***** Records provided

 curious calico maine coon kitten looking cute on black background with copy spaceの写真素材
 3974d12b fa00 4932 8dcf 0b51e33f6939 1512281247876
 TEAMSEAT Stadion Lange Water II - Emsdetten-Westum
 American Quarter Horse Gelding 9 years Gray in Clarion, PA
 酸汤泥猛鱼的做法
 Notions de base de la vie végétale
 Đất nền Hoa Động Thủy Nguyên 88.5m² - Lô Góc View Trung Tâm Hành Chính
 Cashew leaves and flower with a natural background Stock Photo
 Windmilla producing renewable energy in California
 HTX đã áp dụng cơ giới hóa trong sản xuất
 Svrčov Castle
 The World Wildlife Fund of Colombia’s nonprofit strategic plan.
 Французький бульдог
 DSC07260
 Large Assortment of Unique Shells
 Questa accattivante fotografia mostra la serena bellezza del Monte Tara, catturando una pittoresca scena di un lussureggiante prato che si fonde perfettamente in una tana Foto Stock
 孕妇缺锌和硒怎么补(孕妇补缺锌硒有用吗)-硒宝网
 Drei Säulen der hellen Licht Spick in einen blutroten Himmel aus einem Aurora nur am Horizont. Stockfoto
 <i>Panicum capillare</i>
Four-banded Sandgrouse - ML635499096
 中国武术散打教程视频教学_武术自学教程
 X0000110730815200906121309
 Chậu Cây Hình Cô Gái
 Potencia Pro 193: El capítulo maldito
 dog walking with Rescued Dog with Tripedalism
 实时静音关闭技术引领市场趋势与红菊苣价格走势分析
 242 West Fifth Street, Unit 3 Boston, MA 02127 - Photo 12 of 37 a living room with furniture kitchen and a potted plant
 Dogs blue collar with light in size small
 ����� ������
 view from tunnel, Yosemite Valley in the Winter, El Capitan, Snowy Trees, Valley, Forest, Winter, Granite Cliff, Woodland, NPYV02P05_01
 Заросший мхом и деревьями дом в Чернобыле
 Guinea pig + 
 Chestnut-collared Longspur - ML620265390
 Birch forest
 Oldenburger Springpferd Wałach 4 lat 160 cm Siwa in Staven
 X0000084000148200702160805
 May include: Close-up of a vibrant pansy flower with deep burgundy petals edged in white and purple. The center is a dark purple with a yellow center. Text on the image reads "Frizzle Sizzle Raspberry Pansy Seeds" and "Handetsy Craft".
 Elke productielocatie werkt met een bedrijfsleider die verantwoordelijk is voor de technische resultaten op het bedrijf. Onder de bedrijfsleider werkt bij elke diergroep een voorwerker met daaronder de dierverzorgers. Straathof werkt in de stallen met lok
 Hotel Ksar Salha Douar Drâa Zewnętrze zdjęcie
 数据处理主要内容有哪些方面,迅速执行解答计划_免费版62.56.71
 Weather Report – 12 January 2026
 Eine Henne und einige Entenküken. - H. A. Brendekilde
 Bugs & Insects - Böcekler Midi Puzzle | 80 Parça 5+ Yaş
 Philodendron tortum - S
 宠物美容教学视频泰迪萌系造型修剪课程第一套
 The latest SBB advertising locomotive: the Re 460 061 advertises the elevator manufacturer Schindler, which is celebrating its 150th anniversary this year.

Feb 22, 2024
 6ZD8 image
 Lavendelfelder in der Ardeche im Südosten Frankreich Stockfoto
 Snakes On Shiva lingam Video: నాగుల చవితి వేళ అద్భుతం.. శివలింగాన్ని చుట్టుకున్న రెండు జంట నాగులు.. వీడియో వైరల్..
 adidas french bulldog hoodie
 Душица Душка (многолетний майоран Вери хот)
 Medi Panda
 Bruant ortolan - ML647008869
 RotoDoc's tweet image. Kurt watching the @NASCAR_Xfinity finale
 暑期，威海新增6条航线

**********

● Exercise details:
Everything from the line with "TEAMSEAT Stadion Lange" through the line with "Large Assortment of Unique Shells" should be written out exactly as it appears above, end lines included, and nothing outside that range.

● Answer to this task:
 TEAMSEAT Stadion Lange Water II - Emsdetten-Westum
 American Quarter Horse Gelding 9 years Gray in Clarion, PA
 酸汤泥猛鱼的做法
 Notions de base de la vie végétale
 Đất nền Hoa Động Thủy Nguyên 88.5m² - Lô Góc View Trung Tâm Hành Chính
 Cashew leaves and flower with a natural background Stock Photo
 Windmilla producing renewable energy in California
 HTX đã áp dụng cơ giới hóa trong sản xuất
 Svrčov Castle
 The World Wildlife Fund of Colombia’s nonprofit strategic plan.
 Французький бульдог
 DSC07260
 Large Assortment of Unique Shells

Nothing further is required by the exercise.